Material provided
----------

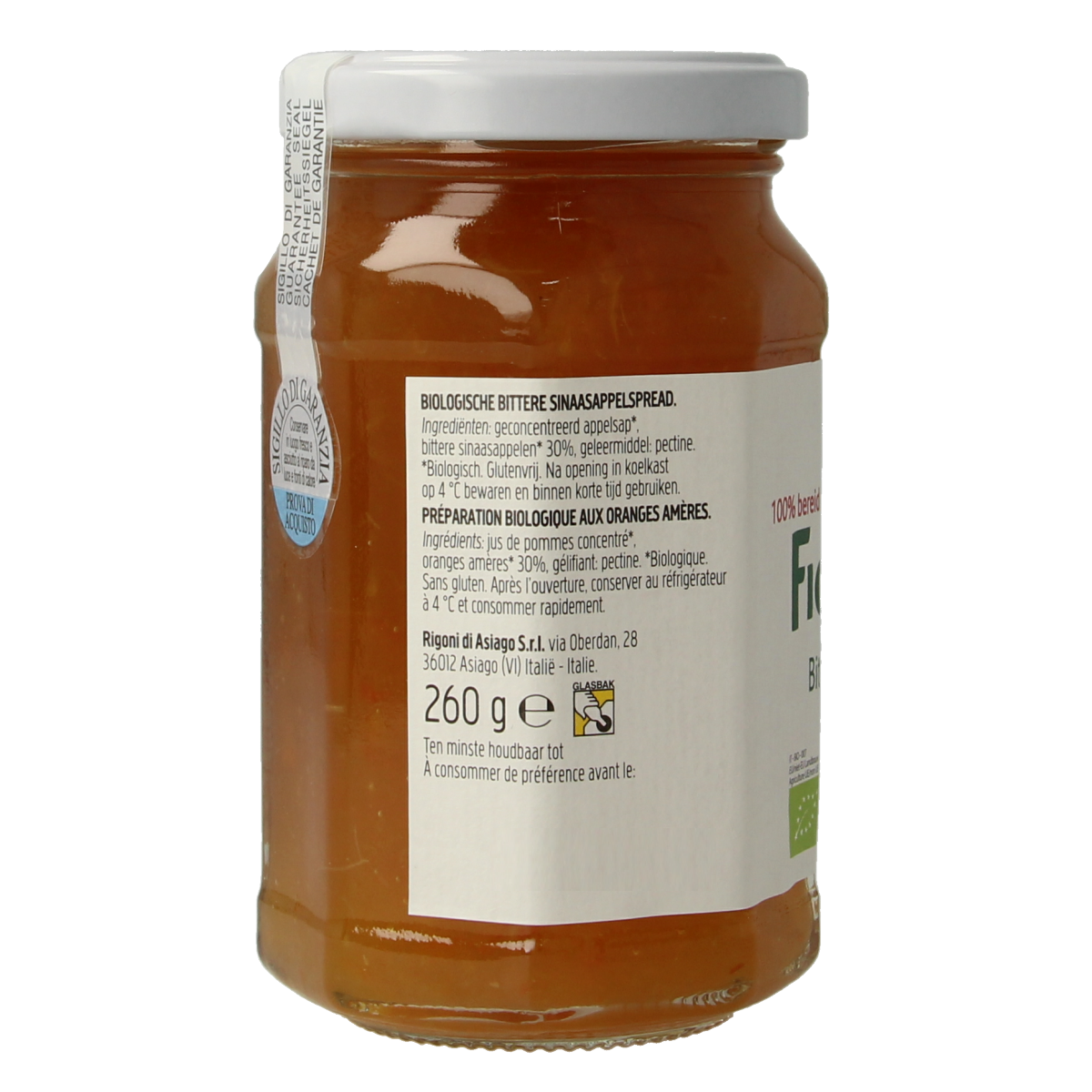 Fiordifrutta Sinaasappeljam bio 260g spread on bread, showing the jar with orange citrus jam and fresh slices.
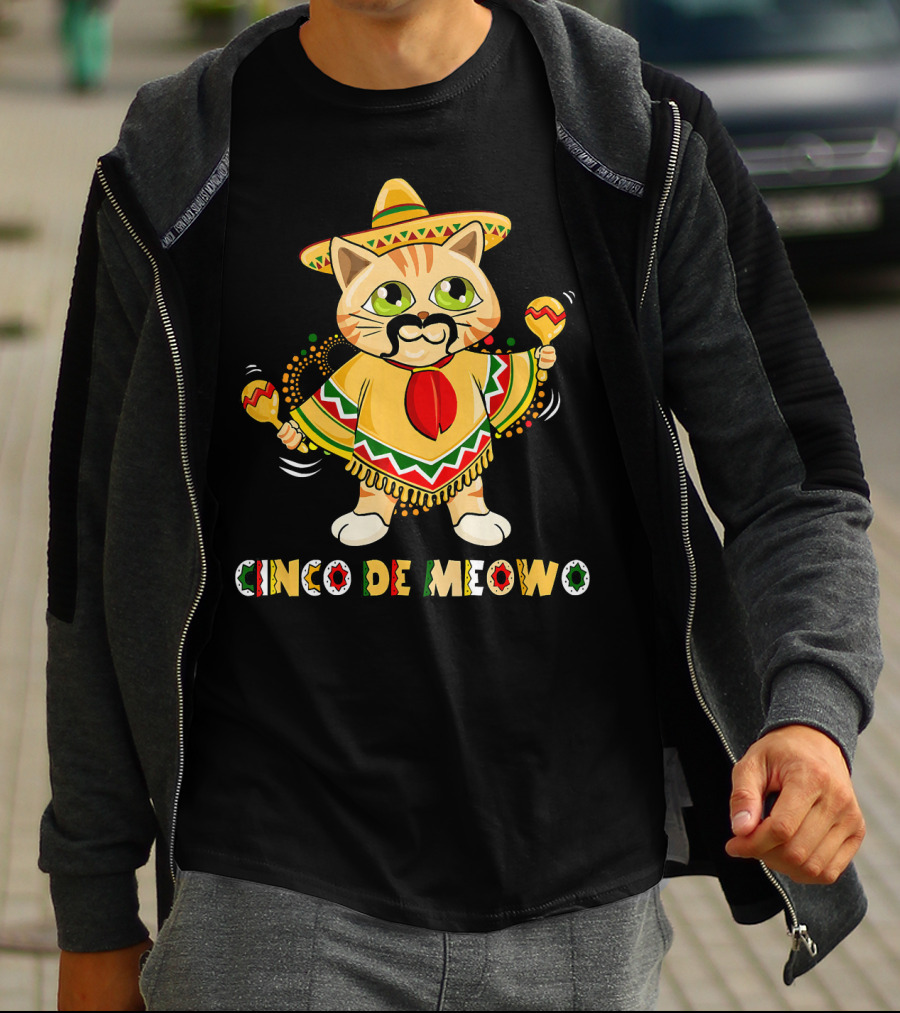 Cinco De Meowo Cat In Sombrero With Maracas T-Shirt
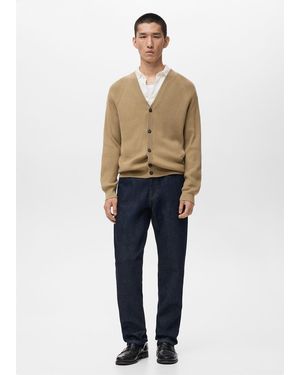 Mango Ribbed Knitted Cardigan With Buttons - Blue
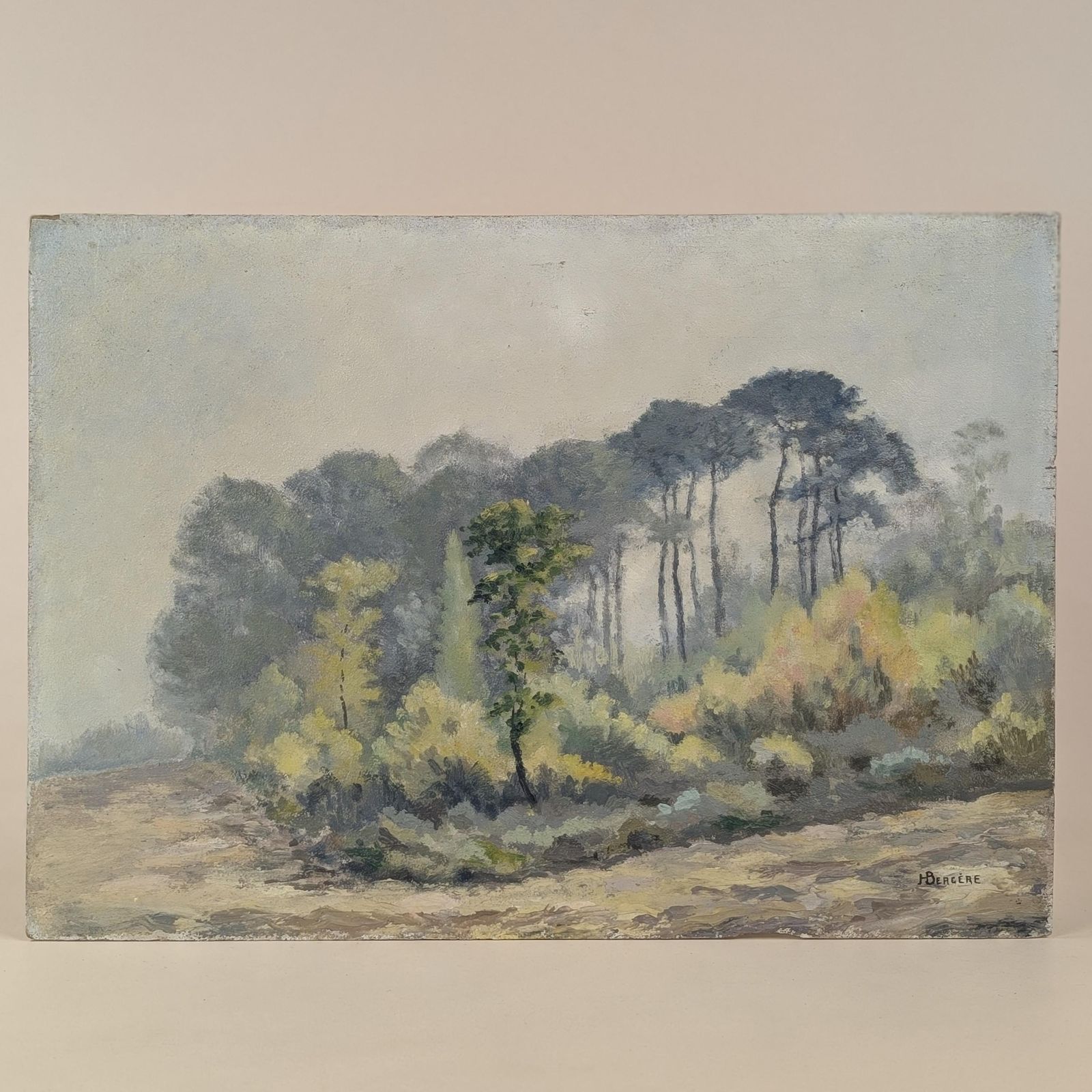 photo for sale French Impressionist Oil Landscape Painting, Signed Hubert Bergère, Pine Trees On Wood Panel, Mid Century Country Art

----------

Work to complete
Copy out the listing word for word and skip its pictures.

Response to this exercise
 Fiordifrutta Sinaasappeljam bio 260g spread on bread, showing the jar with orange citrus jam and fresh slices.
 Cinco De Meowo Cat In Sombrero With Maracas T-Shirt
 Mango Ribbed Knitted Cardigan With Buttons - Blue
 photo for sale French Impressionist Oil Landscape Painting, Signed Hubert Bergère, Pine Trees On Wood Panel, Mid Century Country Art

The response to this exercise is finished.